SITUATION DÉLICATE ET INQUIÉTANTE
Notre première question a porté, tout naturellement,
sur Jezzine, sa ville natale et sa circonscription qu’il a représentée
si dignement à la Chambre des députés. “La situation
y est très délicate, chargée de tension et d’angoisse
quant à l’avenir. Notre région qui est fermement attachée
à son identité libanaise, sent qu’elle est abandonnée
à son sort; l’Etat l’ignore et ne lui offre pas ce qu’elle est en
droit d’attendre de lui.”
- L’Etat voudrait, sans doute, répondre à vos souhaits,
mais le fait accompli qui prévaut dans les régions situées
le long du “cordon frontalier l’en empêche...

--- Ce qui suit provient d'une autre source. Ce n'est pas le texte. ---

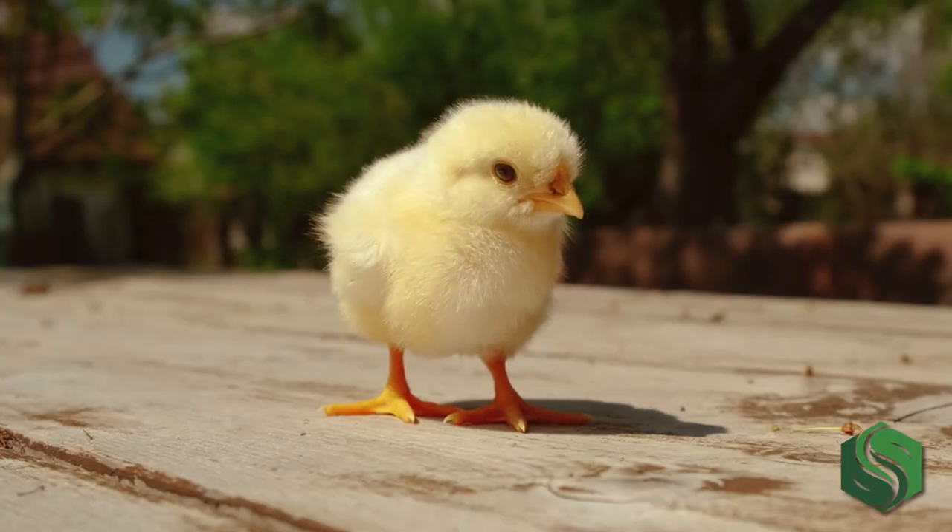Leave the chicks in the incubator for 24 to 36 hours to dry completely, and they'll start looking like the fluffy new friends you were expecting. If you collected eggs over a couple of days, there may be some chicks that hatch a little later — this is completely normal. They're very serious about their 21-day schedule!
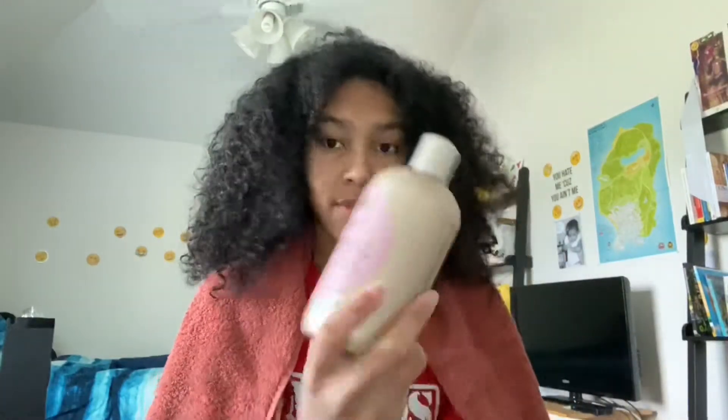Hey guys, so today we will be doing a natural hair video — not a color hair dye or hair wax video. Anyway, my sister bought some products from that new line Care Care, the Curl Essence. She let me use two of them — she bought like six of them. I'm gonna try the moisturizing curl activator and the moisturizing curl cream.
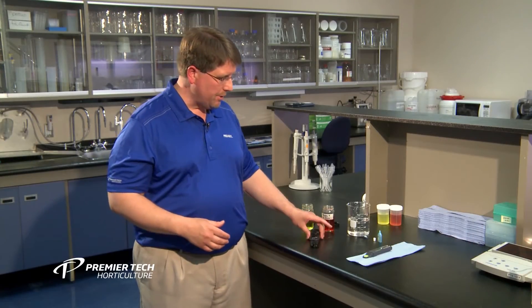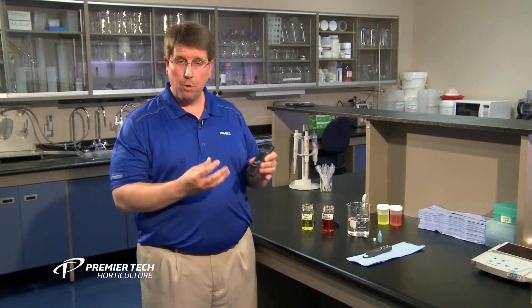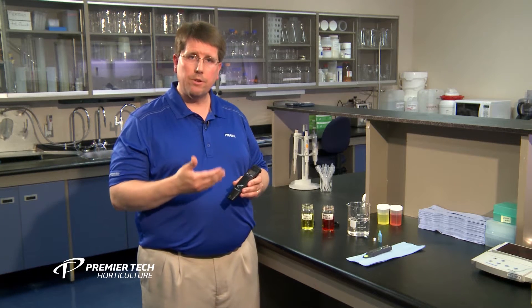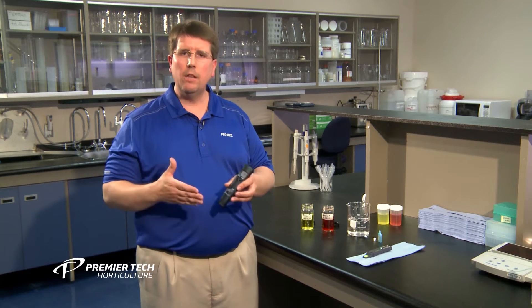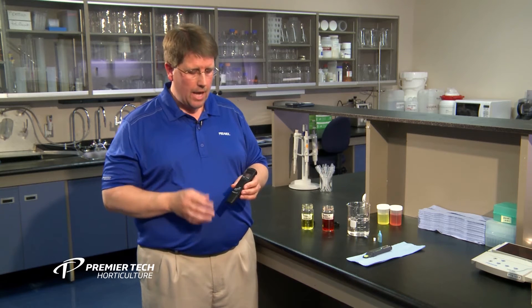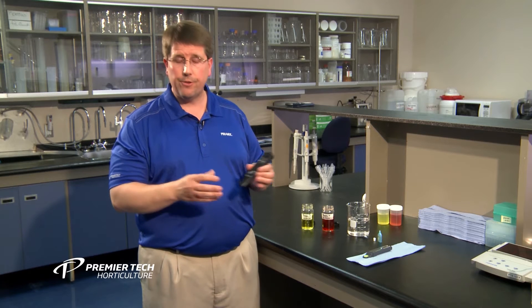With pH meters, I have one represented here. There are a couple of things you want to look for when purchasing a pH meter. Number one, you want to get something that requires calibration. Any meter that does not require calibration has a tendency to drift over time and lose accuracy — if you can't calibrate it, you don't know how inaccurate the reading may be. This particular one has a glass probe on the end. With glass probes, you have to store them in storage solutions, so they need to be stored wet — just a thing to consider.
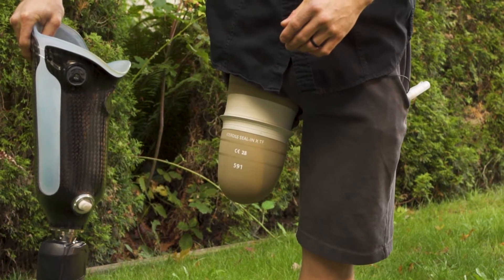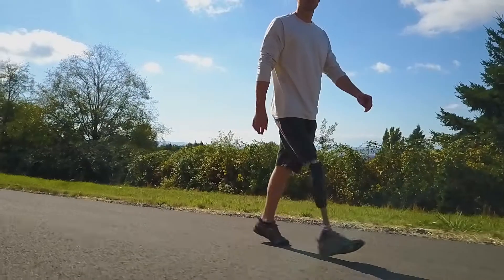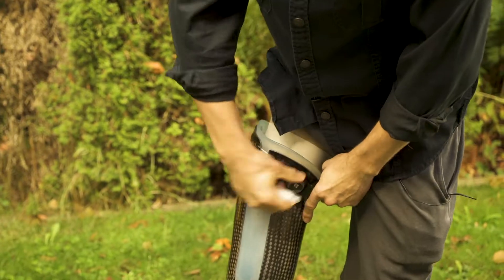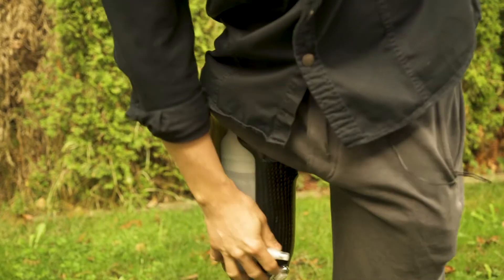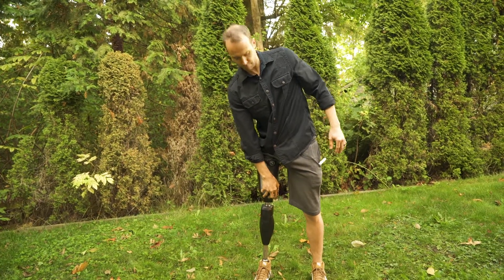I've been an amputee for about nine years. I was in the hospital for seven days — I couldn't wait to get back on my feet again. So when I met with Cornerstone, I got fitted with the hi-fi socket. It allows me to be extremely active and do all the things that I used to do.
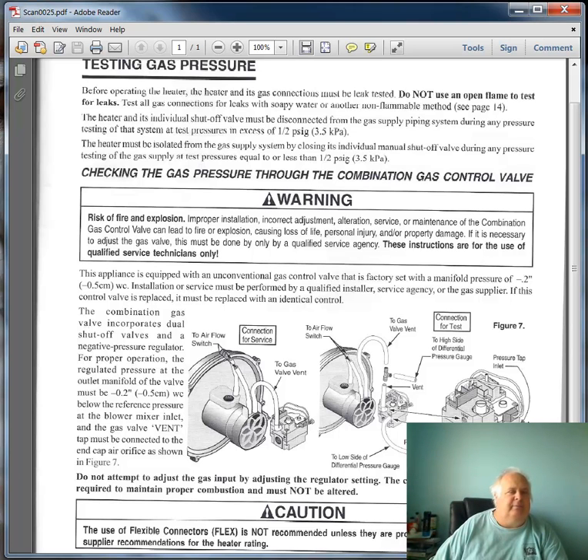Now, if we want to check the blower — or something similar, like why she's not firing right — we want to check the negative reading. On a negative reading, you cannot use a slack tube. Here's the gas valve that is supplying the blower with gas. It has a tube running from the gas valve to the blower.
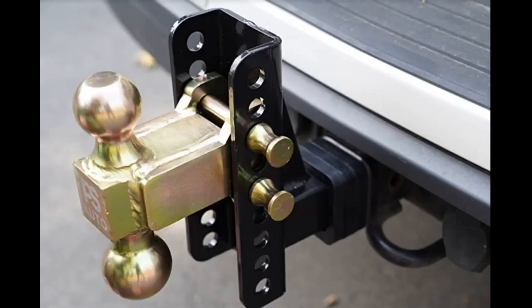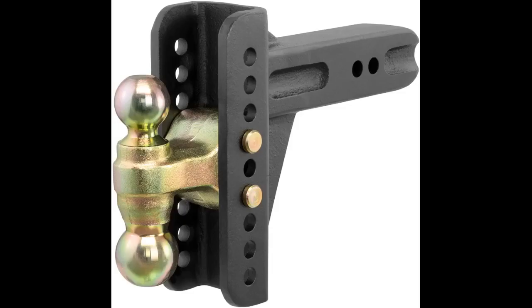I have used this hitch on our Kawasaki Mule, Kubota tractor, and of course my GMC pickup. The vertical adjust is easy to use and I found that hooking up the trailer first, then using the trailer jack to raise or lower the hitch works great to get a nice level trailer.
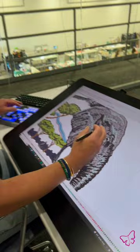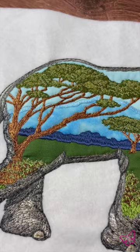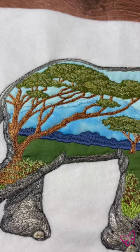You can see the elephant head is all done with realistic shading, and then we get into the trees, which are also realistic. This design was created almost entirely with running stitches to get that realistic, natural flow to the design.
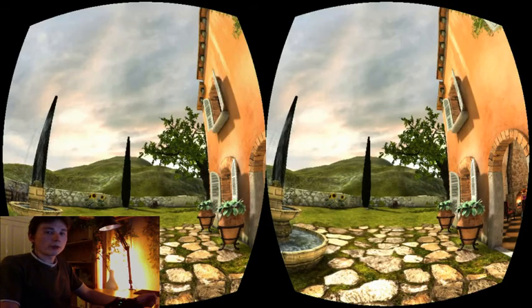Hi there. I get motion sick in the Rift pretty easily. I'm working on a few ideas to help with that, and I want to show you the first one.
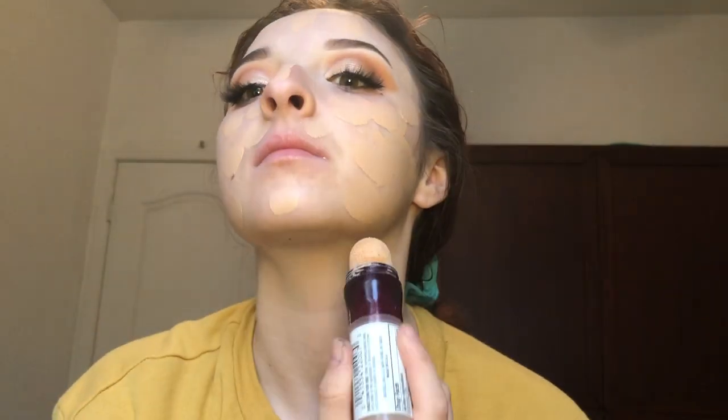To start on my face, I'm using my Smashbox Photo Finish Radiance Primer and then I'm going to go in with my Maybelline Instant Age Rewind Foundation in the shade Buff Beige.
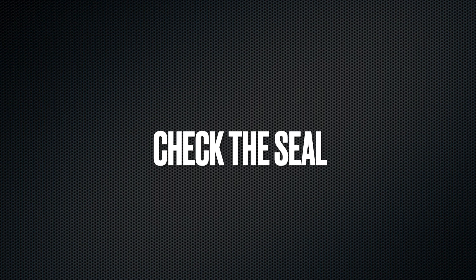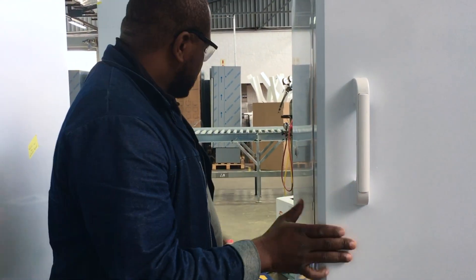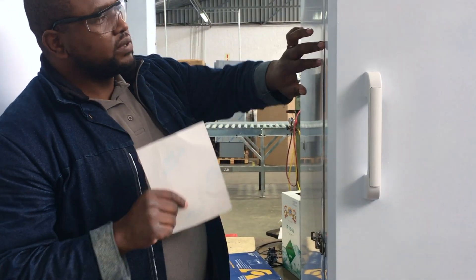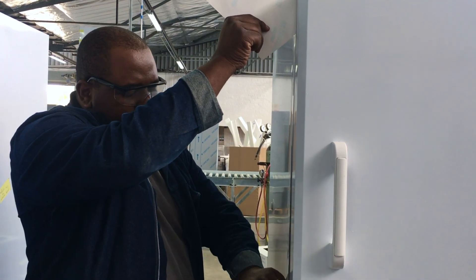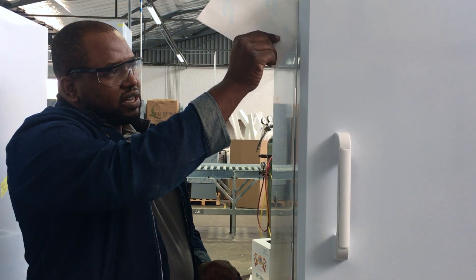Close the door and check the quality of the door seal. To do this, you need to use a piece of paper. Open the door, stick the piece of paper in the seal, and close the door. If you're struggling to slide the paper out, the quality of the seal is fine. If it slides out easily, it means your door seal is not correct.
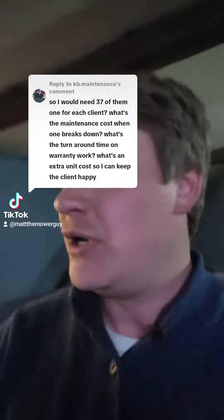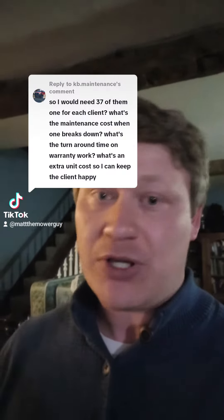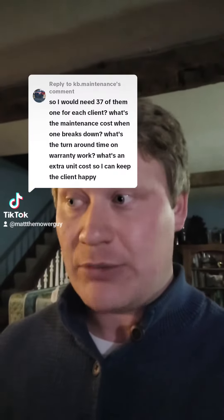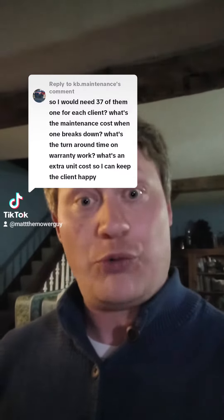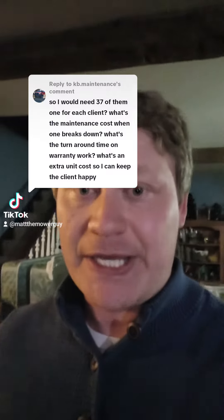How much is downtime? To be honest, it's rare that we have to pull one out of the field. Typically, anything can be fixed in under an hour on site. Most items, 15 minutes in and out — whether it's a wheel motor, a new mainboard, a battery, or a loop sensor — about 15 minutes in and out, done.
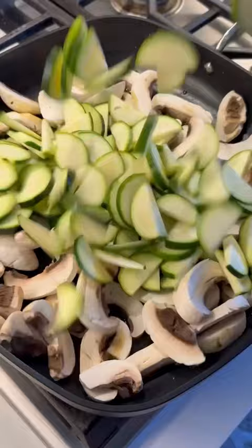Saute your mushrooms, zucchini, and seasoned chicken cubes for five minutes. Mix them with some shredded mozzarella, cottage cheese, scallions, and eggs. Top with some grated parm and bake until golden.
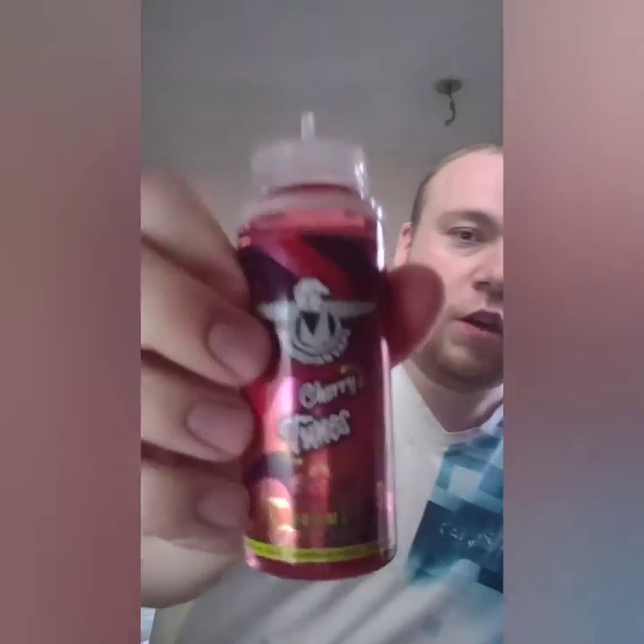So that was some of the flavours that Shannon enjoys and what she's currently using at the minute - highly recommended all of them. So I'm going to trial my three new flavours now. I've got Pink Raspberry Strips, Apple Blackcurrant, and Cherry Tunes - all 100ml, all at 3mg. That's what I vape all my liquids at - 3 milligram. First off we're going to try the Cherry Tunes.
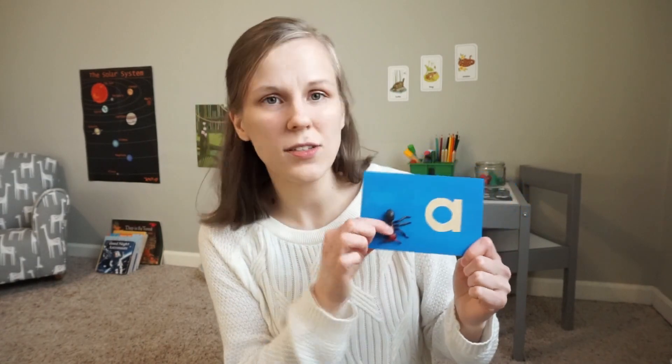When I looked into getting sandpaper letters for our house, I just could not justify spending that kind of money, especially since I could put it towards other activities for us. But I did want something that was quality and would hold up to a toddler. I also wanted the vowels to be a different color, which is more traditional, and I wanted there to be empty space where we could play sound games with objects that start with the letter we're working on. I got all my supplies at the hardware store and the craft store, so really simple.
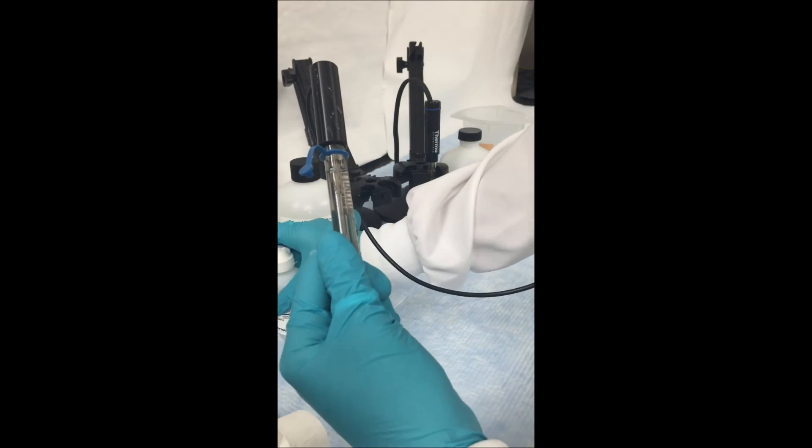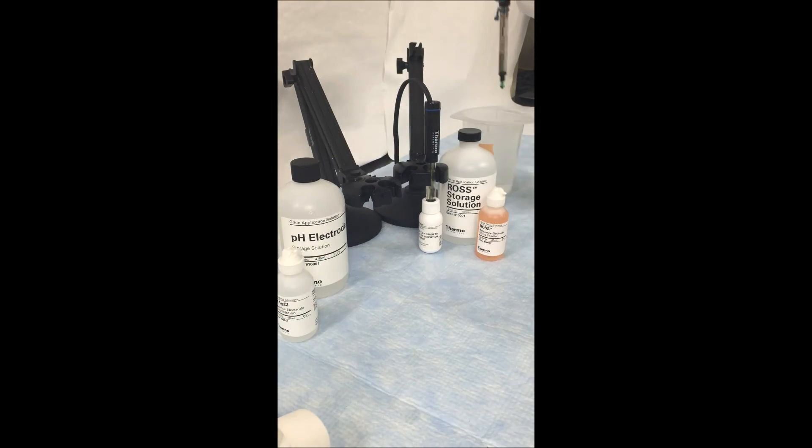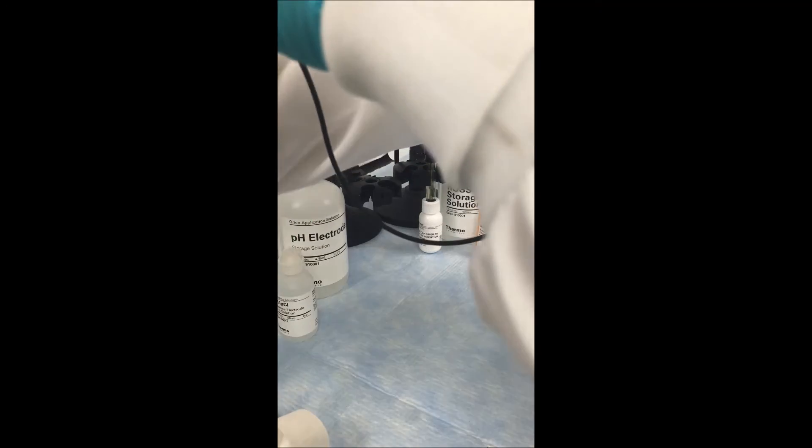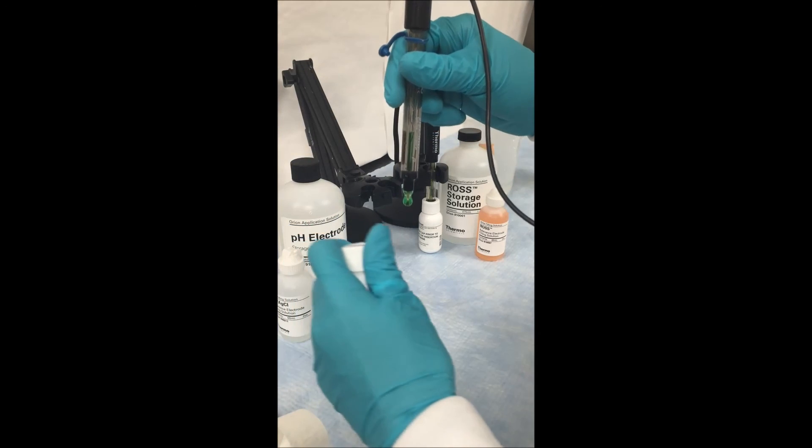Once the electrode is filled, you may rinse off your electrode with some deionized water if there is any excess fill solution. Now your electrode is clean and ready for use. Either put it back into storage or you may start using it on your samples.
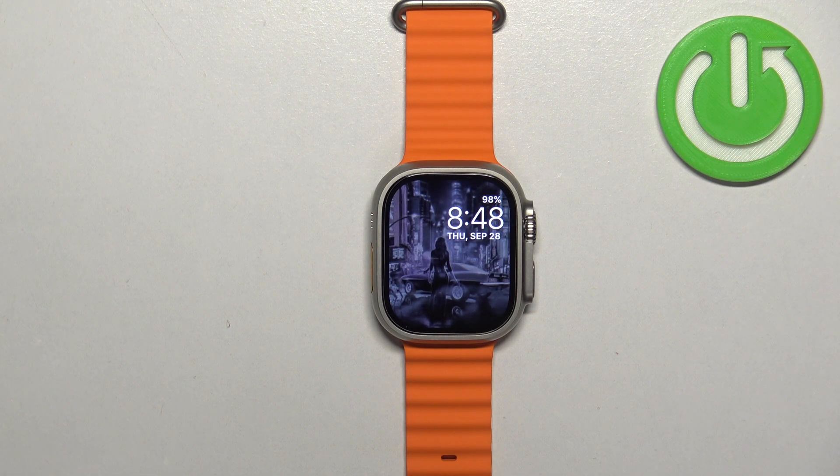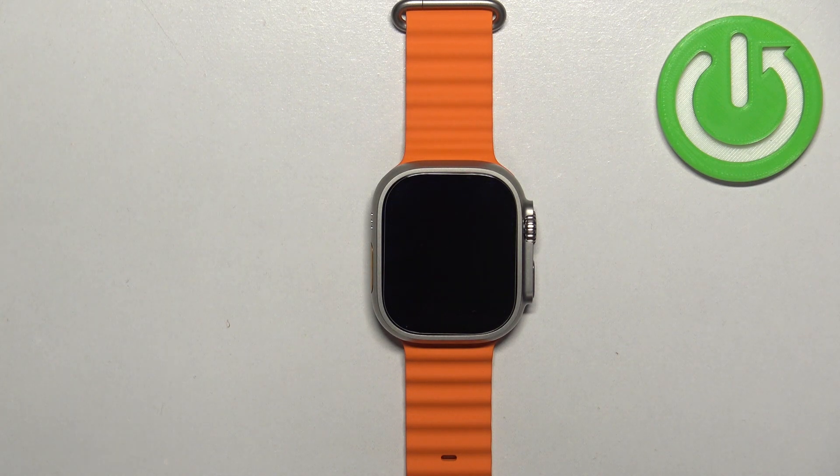In front of me I have the Apple Watch Ultra 2, and I'm going to show you how to enable and how to disable the silent mode on this watch — basically how to mute and unmute the sounds on your watch.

“Jezzine ne se trouve pas à l’intérieur de ce cordon
et, partant, la localité n’est pas concernée par la résolution
425. En dépit de cela, l’Etat refuse de la récupérer
ou de la réintégrer.”
- Pourquoi?
“Là est la question ou plutôt le grand doute inquiétant.
Il s’agit d’une situation anormale, Comment les parents peuvent-ils s’abstenir
de prendre en charge leur fils kidnappé! La situation de l’Etat
à Beyrouth est responsable de ce qui se passe à Jezzine.”
- N’y aurait-il pas une raison l’empêchant d’agir dans le sens
que vous souhaitez?
“A vrai dire, à ce cas s’appliquent les dispositions du Code
pénal concernant la renonciation d’un citoyen à sa paternité,
en ce sens qu’il s’abstient de s’occuper de son fils.”
TOUS LES SERVICES ÉTATIQUES Y FONT ACTE
DE PRÉSENCE
- Jezzine est placée sous mainmise de qui l’on sait et ne
fait pas l’objet d’un kidnapping!
“Quand il a été donné à l’Etat de récupérer
sa capitale, Saïda, le Chouf, ainsi que d’autres régions au
Sud et dans la Békaa ouest, il n’a pas manifesté sa disposition
à étendre sa souveraineté à Jezzine. Aussi,
cette région est-elle restée sous le contrôle des forces
du fait accompli, actuellement représentées par l’Armée
du Liban Sud. “Pourtant, il n’y existe pas de présence israélienne
directe. Combien de fois avons-nous demandé à l’Etat de prendre
en charge la sécurité de la région, d’autant qu’une
brigade de l’armée libanaise avait commencé à s’y
déployer en 1976, relevant du commandement militaire de Yarzé.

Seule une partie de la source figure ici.